Google, by far the world’s most popular and influential Internet search engine, has inexplicably buried a popular eurosceptic website on the second page of search results on the topic, the website’s founder has claimed.
He said the Internet giant is “corrupt” and implied it supports a pro-European Union (EU) agenda, just one day after the EU revealed it is working with Facebook, Twitter and (Google-owned) YouTube to promote “alternative narratives” it supports.
Just yesterday, Google’s public policy and government relation’s director, Lie Junius, said the firm was, “pleased to work with the [European] Commission” – the EU’s unelected executive arm.
Ninety per cent of Internet searches are made on Google. It is the primary source of information for many voters today and has been estimated to command the power to decide the voting preference of some 20 per cent of undecided voter – 80 per cent for some demographics.
Its role in the tight-run EU referendum, therefore, could be decisive.

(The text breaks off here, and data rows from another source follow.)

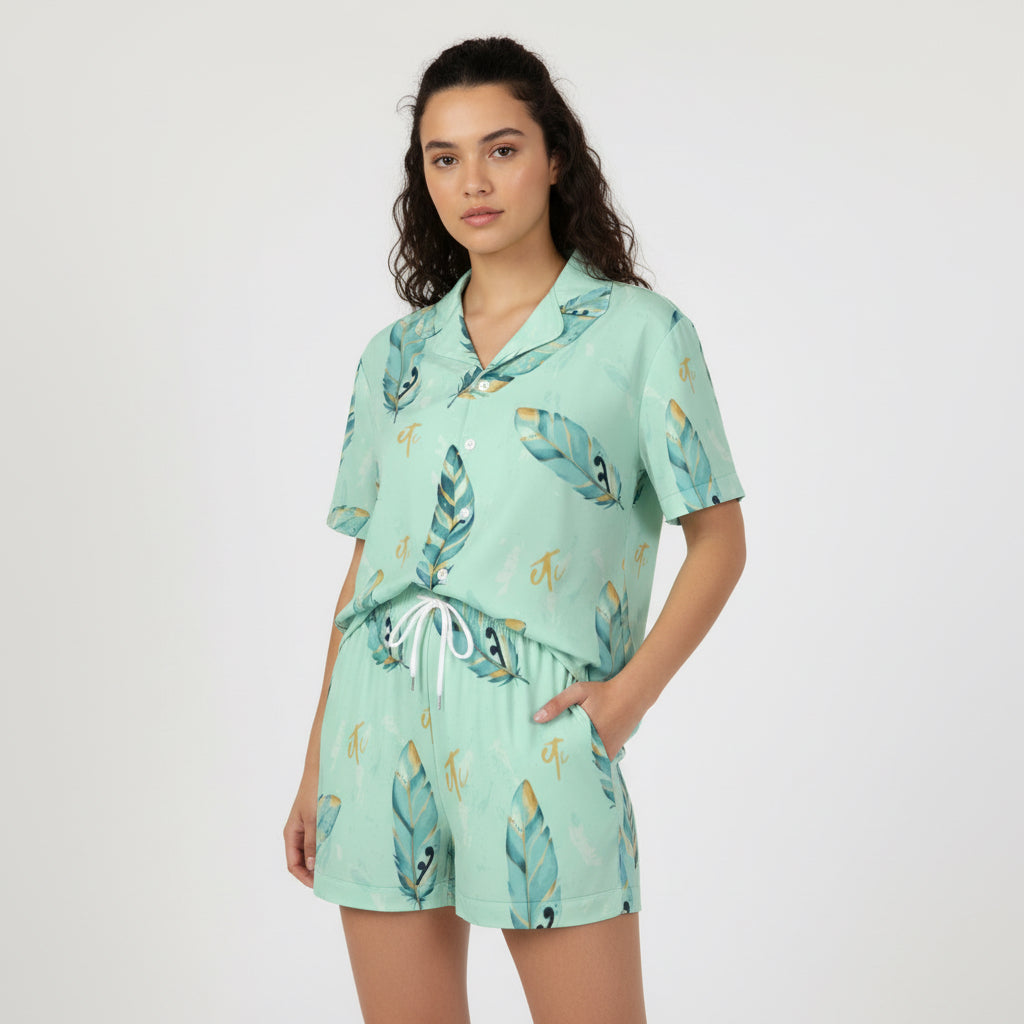 Mint ETC Feathers Silk Pajama Set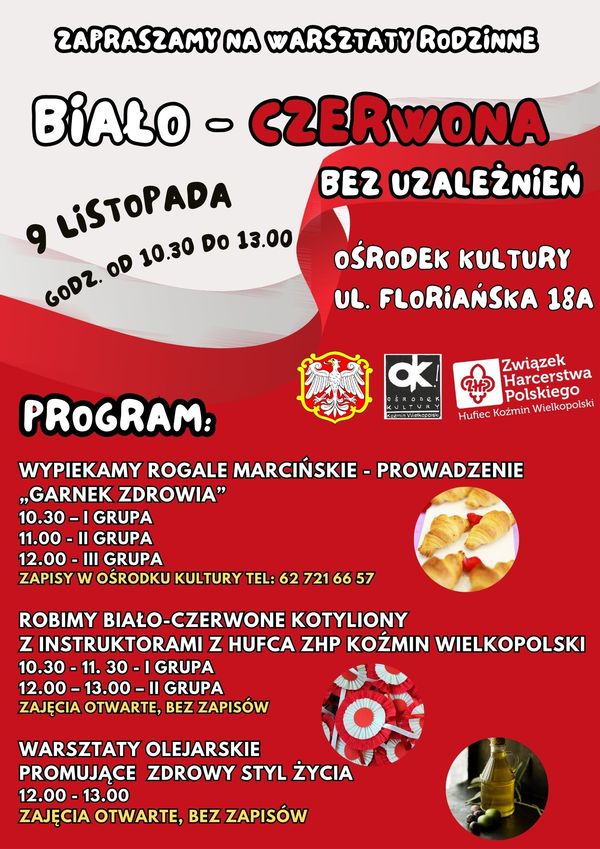 Na biało- czerwonym tle treść plakatu 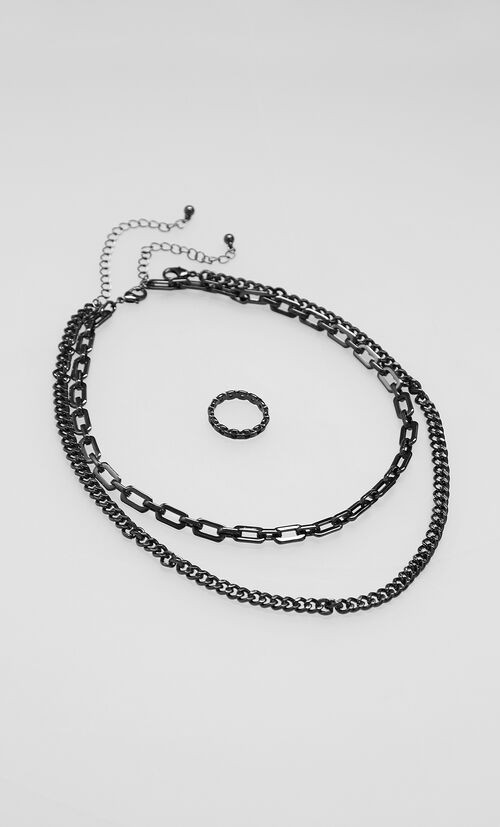 Set Collar Y Anillo Negro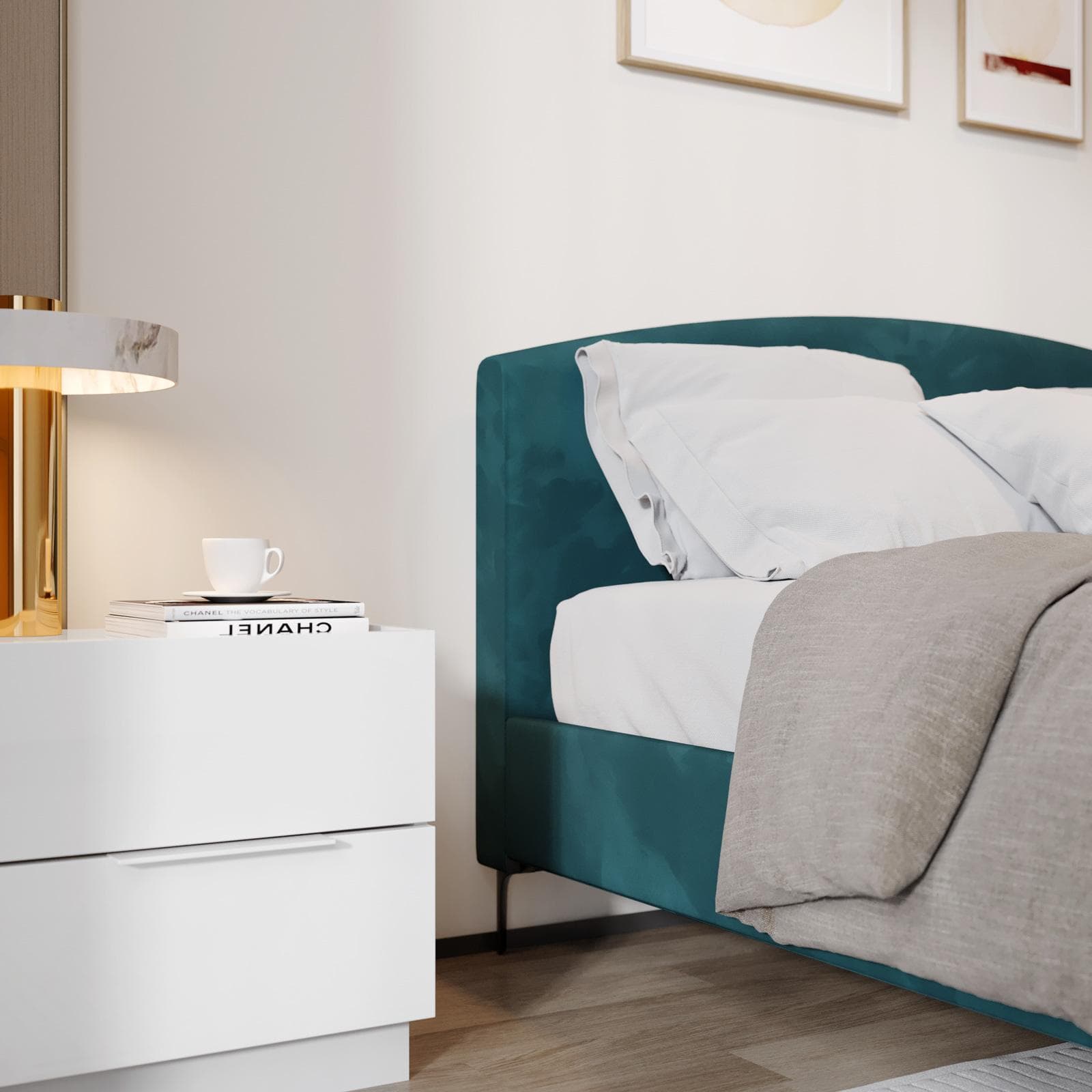 Letto matrimoniale 160x200 cm in velluto blu pavone con gambe in metallo nero - Boulevard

So when the popular and eurosceptic EUReferendum website recently disappeared off Google’s first page of results on the topic – after being the top result for the topic on search engines for more than a decade – eyebrows were raised.
The site was founded in 2004 by author and researcher Richard North, was rated by the Financial Times as the UK’s most influential political blog in 2006, and remains the top result for the topic when searched on Yahoo and Microsoft’s Bing.
But on Google now, it appears as either the 13th or 15th result, on the second page – below three government pages on the topic, four links to the pro-EU Guardian and Independent newspapers, one to the BBC, and just one to the more eurosceptic Telegraph.
Sites lower down get just a fraction of the hits of those at the top of Google’s results.
Mr. North, the site’s founder, told The Register that web giant could be losing its integrity, and warned that its incredible power could be used to distort the democratic process.
“It is vital that people should realise Google’s potential (or actual) power. What started out as a good working tool has gone the way of the rest – power corrupts and Google corrupts absolutely”, he wrote in an email.
Google is widely thought to be the most powerful tech firm in the world, second only to Facebook, which was recently exposed as supporting liberal causes and suppressing conservative voices.
According to peer-reviewed work by psychologist Robert Epstein, described to Politico last year, Google easily has the power to swing elections. He wrote:
“America’s next president could be eased into office not just by TV ads or speeches, but by Google’s secret decisions, and no one – except for me and perhaps a few other obscure researchers – would know how this was accomplished.”